ARK: Multi-Agent Systems Are Finally Entering the Engineer's …

The deep integration of cloud native and AI, with the ARK platform, provides a new paradigm for engineering multi-agent systems.

Introduction

AI Agents are moving from the “single agent demo” stage to “large-scale operation.” The real challenge does not lie in the model itself, but in engineering issues at runtime: model management, tool invocation, state maintenance, elastic scaling, team collaboration, observability, deployment, and upgrades. These are problems that traditional agent libraries struggle to solve.

ARK (Agentic Runtime for Kubernetes) provides a fully operational, observable, governable, and continuously deliverable multi-agent operating system. It is not a Python library, but a complete runtime platform.

Note: In this article, ARK refers to McKinsey’s open-source ARK Agent Runtime for Kubernetes.
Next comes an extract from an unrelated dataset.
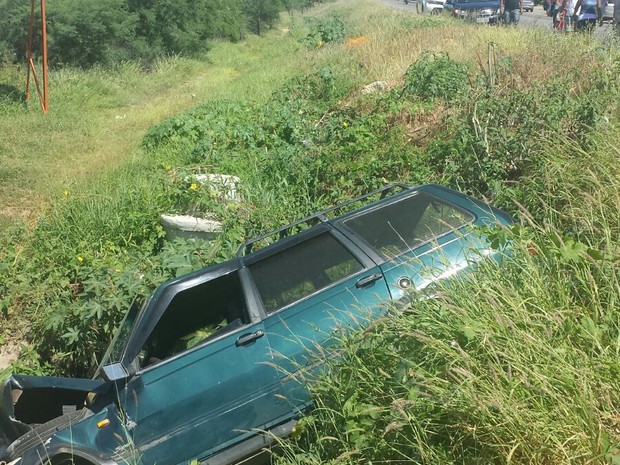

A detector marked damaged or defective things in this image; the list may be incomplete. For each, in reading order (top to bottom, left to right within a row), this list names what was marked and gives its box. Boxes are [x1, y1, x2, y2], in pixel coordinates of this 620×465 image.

overturned green suv [1, 184, 512, 464]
This article, from an engineer’s perspective, will reorganize ARK’s core capabilities and answer the following questions:

What engineering challenges does ARK actually solve?
Why is it worth special attention in the cloud native field?
How is it fundamentally different from frameworks like LangChain and CrewAI?
What insights does it offer for the Agentic Runtime ecosystem?

ARK Architecture: Treating Agents as Kubernetes-Native Workloads

The core idea of ARK is: An agent is not a script, but a schedulable, governable, and observable Kubernetes workload.

The following architecture diagram illustrates ARK’s underlying structure.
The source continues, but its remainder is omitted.